BEGIN Task material

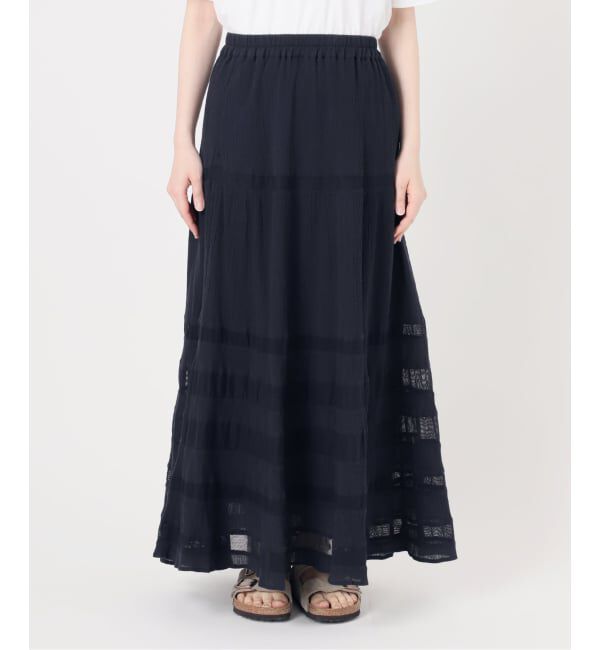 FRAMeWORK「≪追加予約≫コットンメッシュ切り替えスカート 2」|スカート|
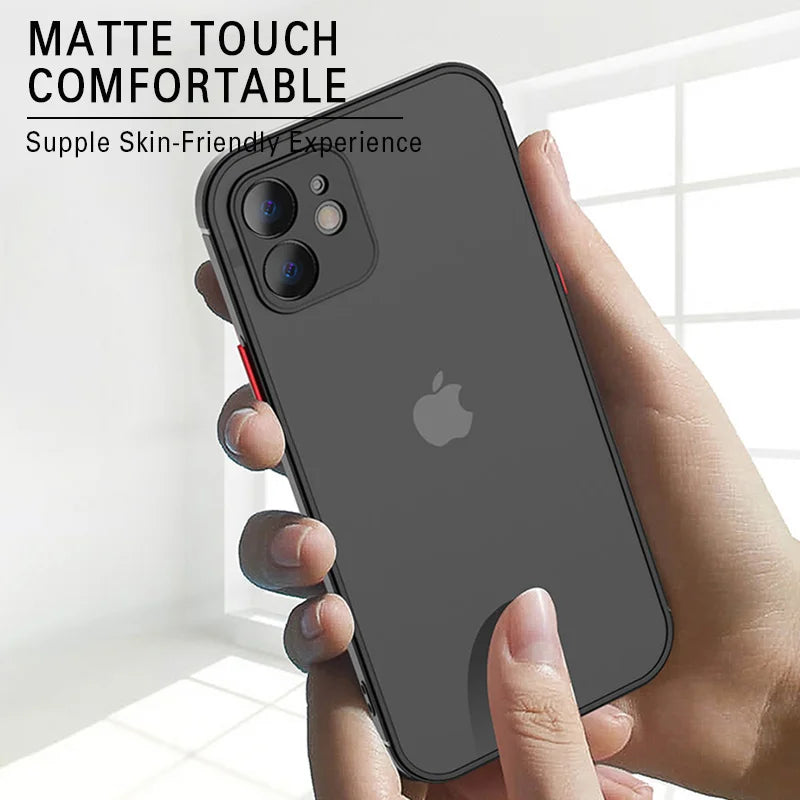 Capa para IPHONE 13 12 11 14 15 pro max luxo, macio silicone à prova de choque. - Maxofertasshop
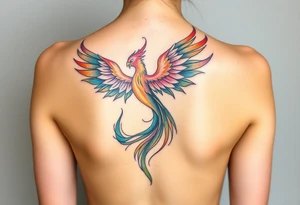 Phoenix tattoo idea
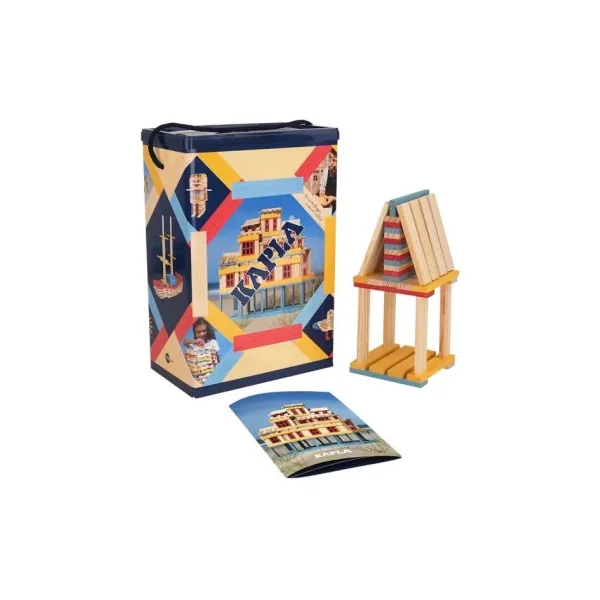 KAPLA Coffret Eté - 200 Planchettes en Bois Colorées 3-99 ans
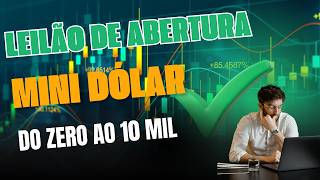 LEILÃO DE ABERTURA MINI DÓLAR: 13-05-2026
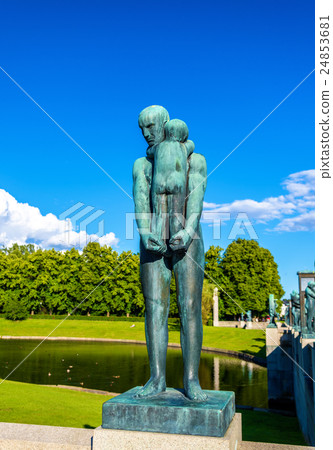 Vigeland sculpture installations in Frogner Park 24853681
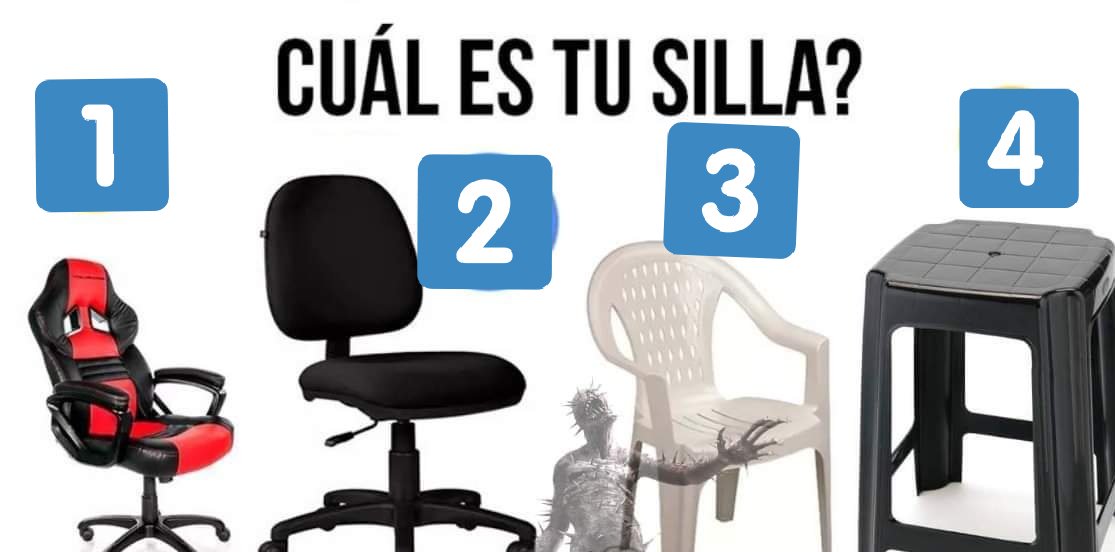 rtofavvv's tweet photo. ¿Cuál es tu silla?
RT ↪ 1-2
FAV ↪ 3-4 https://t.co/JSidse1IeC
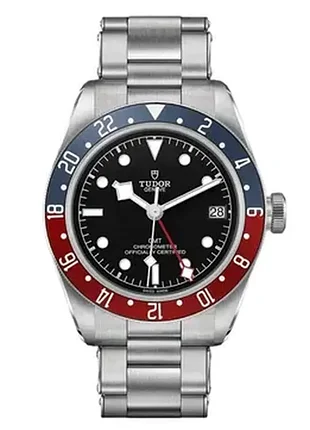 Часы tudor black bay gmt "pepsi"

END Task material

* _Requirement_: With pictures left out, repeat exactly the lines from the line bearing "rtofavvv's tweet photo. ¿Cuál es tu silla?" through the final line of the records above.

* _Result of the task_:
 rtofavvv's tweet photo. ¿Cuál es tu silla?
RT ↪ 1-2
FAV ↪ 3-4 https://t.co/JSidse1IeC
 Часы tudor black bay gmt "pepsi"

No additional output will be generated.